At the time, all Galadriel longed for was an end to evil in Middle-earth. The ring’s power whispered to her promises of success. All she had to do was wear it, become a goddess able to banish Sauron and shape the world with her own ideals. All would bow before her, it promised, following her command, and the world would be only good. For a moment she faltered, everything she had ever truly wanted seemingly at her fingertips. There would be no more war and suffering; life would be perfect and effortless. Easy.
The problem was that all the promises were a lie. The ring’s creator was entirely evil, and the power within the ring came from the depths of his own wicked heart. Indeed, that power could not be separated from him; it was his voice that spoke through it, and he that wielded it regardless of who held it. Galadriel’s vision could never have been accomplished, and in trying to achieve it her own heart would have been irrevocably twisted into Sauron’s image.
Galadriel’s desire was natural.
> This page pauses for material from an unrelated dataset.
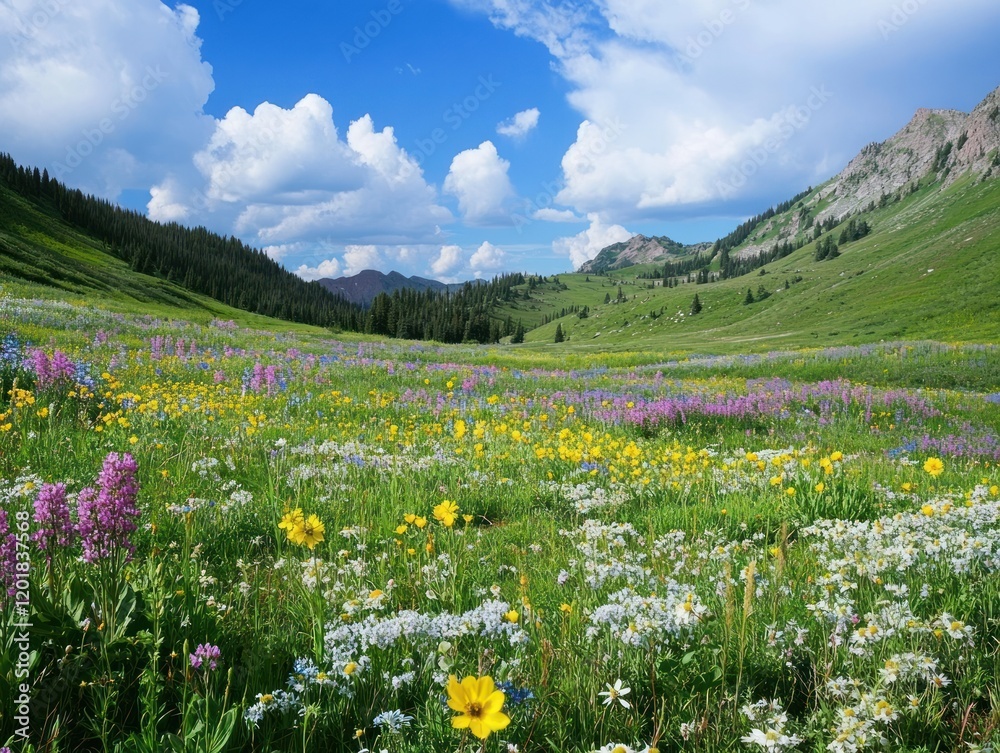 Lush Mountain Meadow with Blooming Wildflowers under a Bright Blue Sky and Fluffy Clouds Lush Mountain Meadow with Blooming Wildflowers under a Bright Blue Sky and Fluffy Clouds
She and others like her were embroiled in a war against apparently impossible odds. Fear, pain, sorrow, and death covered the world as completely as the clouds of smoke and ash belched into the sky by the enemy’s forges. Any with the courage to stand against evil found themselves beleaguered from every side.
In similar fashion, followers of Christ in the first century A.D. faced the greatest hardship they could have imagined. Choosing a life that reflected God’s character brought opposition at every turn. Confused rumors led to accusations of treason. Rejection of religious traditions drove wedges in formerly peaceful relationships, even between parents and children, husbands and wives. Refusal to follow societal customs and disapproval of pagan practices often meant businesses failed, jobs were lost, families were hungry. Punishments for standing out were often harsh, as citizenship was a privilege granted to few and without citizenship few human rights were respected.
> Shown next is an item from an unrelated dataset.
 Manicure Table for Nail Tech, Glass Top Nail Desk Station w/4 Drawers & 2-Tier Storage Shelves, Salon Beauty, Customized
Under such circumstances, it would have been hard to resist the urge to compromise. After all, they truly wanted to change the world into God’s image. Why not punish those who rejected Him as harshly as they had been? Why not force God’s ideals on the world instead? Why not use the tools of idolatry and materialism to become accepted back into society and make life, and teaching, easier?
The problem was that being different, living that harder life, was God’s image. Everything done to them, all the power leveraged against them, was the power and mindset of evil. Satan whispered through society just as surely as Sauron used the ring in the story. Using his tools might have felt easier, but the price would have been the destruction of everything they sought to build, would have been the loss of their very identity. Sauron could not produce anything good or beautiful because he himself was terrible. Satan cannot build anything worthwhile because he himself has rejected the source of all worth. “Every good and perfect gift is from above, coming down from the Father of lights, who does not change like shifting shadows.” (James 1:17)
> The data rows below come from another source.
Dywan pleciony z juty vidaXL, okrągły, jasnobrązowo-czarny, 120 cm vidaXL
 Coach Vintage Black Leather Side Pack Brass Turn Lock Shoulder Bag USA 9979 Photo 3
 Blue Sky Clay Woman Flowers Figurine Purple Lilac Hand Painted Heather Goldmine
Galadriel resisted the ring’s call, saying that instead of embracing power she would diminish. God’s people who resisted society’s pressure for an easy life and earthly influence apparently experienced a similar sensation of collapse as more and more landed in prison or were executed, and those who remained became outcasts. In reality, Galadriel’s act of humility regained her true greatness, the glory that had been lost in banishment from the presence of the gods. Her banishment was ended, and she returned home to the throne that should have been hers all along. God’s people who surrender control and remain content with the battle in which they are placed will also receive a greater glory than any they could seek here on earth.
James 1:11–12 (CSB): Blessed is the one who endures trials, because when he has stood the test he will receive the crown of life that God has promised to those who love him.